Bio:
Dr. AFM Kamal Chowdhury was a postdoctoral scholarK in the Clean Energy Transformation Lab of Environmental Studies Program at the University of California Santa Barbara during 2020-2021. He is now an Associate Research Scientist at the Joint Global Change Research Institute, University of Maryland.
At CETlab, Kamal’s research focused on the impacts of climate change and weather-dependent renewables on the hydropower and broader electricity systems in Southern Africa, India, and other regions. Before CETlab, he was based in Singapore where he assessed the effects of hydro-climatic variability on the hydropower production at Southeast Asian river basins (Mekong, Chao Phraya, Irrawaddy) and operations of national/interconnected (Laos, Thailand, Cambodia, and Myanmar) electricity systems. Kamal is enthusiastic to develop tools to simulate and optimize engineering systems.
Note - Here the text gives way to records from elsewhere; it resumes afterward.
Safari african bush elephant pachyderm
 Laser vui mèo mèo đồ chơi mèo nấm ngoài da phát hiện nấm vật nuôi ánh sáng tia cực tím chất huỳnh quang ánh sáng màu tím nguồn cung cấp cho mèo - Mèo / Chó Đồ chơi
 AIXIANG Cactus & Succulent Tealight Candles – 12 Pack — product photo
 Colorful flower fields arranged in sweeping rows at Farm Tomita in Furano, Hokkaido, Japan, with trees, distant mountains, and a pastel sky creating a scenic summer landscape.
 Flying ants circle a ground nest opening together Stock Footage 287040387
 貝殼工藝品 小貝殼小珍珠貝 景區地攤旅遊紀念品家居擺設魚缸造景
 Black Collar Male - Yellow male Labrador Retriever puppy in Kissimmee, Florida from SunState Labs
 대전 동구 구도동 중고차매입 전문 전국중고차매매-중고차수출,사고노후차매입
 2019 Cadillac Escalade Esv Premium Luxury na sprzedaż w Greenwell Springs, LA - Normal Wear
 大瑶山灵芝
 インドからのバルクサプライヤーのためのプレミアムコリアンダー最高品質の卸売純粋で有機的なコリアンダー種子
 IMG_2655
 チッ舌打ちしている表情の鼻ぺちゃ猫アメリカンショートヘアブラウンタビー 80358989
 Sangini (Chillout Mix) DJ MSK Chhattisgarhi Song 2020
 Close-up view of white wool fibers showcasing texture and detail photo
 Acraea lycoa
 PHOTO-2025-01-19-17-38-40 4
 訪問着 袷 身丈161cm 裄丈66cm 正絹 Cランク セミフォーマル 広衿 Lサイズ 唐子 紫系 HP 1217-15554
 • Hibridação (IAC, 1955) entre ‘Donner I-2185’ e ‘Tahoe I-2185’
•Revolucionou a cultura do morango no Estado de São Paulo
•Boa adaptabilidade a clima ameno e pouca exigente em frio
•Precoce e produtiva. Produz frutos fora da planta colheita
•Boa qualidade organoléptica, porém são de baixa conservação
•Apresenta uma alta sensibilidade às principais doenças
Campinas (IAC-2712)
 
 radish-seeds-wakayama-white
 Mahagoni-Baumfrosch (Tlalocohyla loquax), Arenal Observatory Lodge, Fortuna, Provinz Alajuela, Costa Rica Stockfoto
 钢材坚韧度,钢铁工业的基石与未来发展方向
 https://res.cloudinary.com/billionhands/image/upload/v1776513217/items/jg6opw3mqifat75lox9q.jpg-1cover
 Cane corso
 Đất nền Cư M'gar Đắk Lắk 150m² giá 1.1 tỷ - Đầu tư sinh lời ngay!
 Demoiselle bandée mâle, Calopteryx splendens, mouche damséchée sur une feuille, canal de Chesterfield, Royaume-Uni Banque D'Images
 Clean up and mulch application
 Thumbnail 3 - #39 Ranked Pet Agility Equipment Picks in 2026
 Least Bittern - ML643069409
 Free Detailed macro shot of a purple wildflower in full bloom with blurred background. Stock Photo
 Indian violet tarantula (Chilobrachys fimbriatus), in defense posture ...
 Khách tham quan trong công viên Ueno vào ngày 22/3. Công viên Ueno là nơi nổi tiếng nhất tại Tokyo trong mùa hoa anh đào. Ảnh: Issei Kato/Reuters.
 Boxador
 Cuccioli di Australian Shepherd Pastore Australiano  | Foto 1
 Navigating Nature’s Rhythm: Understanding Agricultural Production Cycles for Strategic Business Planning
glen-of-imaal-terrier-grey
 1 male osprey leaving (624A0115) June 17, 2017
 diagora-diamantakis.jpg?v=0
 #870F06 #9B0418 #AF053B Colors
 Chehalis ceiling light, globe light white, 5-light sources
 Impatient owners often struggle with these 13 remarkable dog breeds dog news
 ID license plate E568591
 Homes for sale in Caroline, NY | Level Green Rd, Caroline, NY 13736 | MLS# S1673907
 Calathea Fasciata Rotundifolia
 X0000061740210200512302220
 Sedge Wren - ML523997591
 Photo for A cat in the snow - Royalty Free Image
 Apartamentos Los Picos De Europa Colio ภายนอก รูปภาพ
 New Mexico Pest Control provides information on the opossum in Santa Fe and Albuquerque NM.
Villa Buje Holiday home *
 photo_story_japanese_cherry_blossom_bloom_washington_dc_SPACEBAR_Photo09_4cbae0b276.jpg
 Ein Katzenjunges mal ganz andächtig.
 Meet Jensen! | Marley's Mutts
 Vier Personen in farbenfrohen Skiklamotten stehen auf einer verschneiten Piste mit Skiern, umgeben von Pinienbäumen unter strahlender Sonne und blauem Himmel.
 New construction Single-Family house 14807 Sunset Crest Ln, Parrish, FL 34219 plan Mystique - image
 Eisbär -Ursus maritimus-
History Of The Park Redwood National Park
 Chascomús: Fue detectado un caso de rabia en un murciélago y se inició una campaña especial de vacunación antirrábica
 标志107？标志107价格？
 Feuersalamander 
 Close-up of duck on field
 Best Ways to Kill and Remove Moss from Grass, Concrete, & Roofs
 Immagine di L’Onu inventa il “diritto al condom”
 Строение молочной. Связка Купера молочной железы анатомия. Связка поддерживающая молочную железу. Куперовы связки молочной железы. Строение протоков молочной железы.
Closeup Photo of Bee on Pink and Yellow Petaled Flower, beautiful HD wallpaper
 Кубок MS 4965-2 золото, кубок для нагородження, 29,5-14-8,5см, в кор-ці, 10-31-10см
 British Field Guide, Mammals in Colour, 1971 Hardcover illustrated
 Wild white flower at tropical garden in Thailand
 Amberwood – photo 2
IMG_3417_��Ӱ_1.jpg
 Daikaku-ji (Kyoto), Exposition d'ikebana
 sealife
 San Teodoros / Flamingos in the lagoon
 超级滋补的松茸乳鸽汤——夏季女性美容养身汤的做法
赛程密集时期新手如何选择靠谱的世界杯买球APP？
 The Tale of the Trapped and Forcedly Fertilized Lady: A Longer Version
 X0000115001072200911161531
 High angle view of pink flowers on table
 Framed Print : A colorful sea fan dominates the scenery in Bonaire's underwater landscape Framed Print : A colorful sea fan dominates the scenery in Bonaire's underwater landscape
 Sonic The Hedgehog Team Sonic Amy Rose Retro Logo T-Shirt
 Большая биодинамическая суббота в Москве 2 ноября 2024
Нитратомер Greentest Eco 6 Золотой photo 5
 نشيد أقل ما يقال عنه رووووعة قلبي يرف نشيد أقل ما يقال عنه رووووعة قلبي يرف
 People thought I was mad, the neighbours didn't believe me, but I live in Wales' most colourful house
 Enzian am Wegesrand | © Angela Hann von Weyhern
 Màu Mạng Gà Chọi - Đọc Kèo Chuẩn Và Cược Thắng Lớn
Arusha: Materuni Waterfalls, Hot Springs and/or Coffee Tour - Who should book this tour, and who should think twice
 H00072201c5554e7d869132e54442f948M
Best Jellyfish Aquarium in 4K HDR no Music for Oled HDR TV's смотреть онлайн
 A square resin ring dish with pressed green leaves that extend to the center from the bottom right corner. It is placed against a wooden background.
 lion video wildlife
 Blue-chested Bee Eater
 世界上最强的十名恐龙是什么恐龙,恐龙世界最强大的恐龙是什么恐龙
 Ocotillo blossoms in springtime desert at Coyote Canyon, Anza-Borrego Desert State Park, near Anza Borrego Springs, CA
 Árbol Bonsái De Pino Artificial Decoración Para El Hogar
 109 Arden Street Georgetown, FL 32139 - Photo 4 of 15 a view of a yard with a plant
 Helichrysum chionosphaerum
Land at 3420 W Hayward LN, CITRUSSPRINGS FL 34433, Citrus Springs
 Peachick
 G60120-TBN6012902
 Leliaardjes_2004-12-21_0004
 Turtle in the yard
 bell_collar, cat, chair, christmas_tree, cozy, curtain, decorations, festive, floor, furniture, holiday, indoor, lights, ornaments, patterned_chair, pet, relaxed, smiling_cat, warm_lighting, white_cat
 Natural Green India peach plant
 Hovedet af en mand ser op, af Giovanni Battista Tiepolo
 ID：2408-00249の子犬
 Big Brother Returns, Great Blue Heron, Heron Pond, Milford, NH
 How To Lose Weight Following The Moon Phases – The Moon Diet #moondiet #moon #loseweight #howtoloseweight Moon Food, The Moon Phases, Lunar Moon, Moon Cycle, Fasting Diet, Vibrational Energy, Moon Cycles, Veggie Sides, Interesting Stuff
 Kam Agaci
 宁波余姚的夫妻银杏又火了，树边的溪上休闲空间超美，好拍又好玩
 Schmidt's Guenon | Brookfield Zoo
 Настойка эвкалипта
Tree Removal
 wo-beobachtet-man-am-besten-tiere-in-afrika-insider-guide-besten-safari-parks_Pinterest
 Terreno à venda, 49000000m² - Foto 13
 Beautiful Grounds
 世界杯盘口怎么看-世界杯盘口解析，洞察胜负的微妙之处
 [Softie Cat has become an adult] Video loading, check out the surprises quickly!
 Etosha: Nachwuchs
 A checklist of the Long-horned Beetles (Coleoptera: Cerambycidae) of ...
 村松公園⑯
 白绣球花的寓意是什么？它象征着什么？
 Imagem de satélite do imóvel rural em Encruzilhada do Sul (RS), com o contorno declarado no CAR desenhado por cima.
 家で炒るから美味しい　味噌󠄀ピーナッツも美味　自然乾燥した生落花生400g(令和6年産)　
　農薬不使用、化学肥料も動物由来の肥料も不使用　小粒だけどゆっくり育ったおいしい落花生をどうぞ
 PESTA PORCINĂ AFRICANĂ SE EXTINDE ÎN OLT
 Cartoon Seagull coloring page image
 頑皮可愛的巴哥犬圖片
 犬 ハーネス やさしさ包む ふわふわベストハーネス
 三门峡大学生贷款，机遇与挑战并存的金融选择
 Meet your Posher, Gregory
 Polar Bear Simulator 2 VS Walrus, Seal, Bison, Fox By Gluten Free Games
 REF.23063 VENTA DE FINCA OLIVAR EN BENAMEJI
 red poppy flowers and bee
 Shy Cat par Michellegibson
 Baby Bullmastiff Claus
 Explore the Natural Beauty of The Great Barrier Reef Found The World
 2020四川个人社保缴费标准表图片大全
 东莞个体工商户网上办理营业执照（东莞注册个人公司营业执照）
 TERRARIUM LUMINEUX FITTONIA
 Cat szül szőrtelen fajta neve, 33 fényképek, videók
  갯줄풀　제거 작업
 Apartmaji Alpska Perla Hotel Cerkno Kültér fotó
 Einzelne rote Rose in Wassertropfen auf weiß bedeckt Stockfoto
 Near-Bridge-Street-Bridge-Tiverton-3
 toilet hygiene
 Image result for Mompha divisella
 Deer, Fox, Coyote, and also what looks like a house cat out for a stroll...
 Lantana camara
He developed PowNet, a unit commitment economic dispatch model for large-scale power systems analysis. He also contributed to develop VIC-Res and VIC-ResOpt, the hydrological models for simulation and optimization of reservoir operations. Kamal’s PhD work contributed to a stochastic rainfall simulator, known as Decadal and Hierarchical Markov Chain (DHMC) model. He completed PhD in Civil Engineering from the University of Newcastle, Australia in 2017, followed by a summer research fellowship in the Australian National University. In 2018-2020, Kamal worked as a postdoctoral research fellow in the Singapore University of Technology and Design, Singapore. Before that, he conducted several teaching and consultancy assignments in Bangladesh and Australia.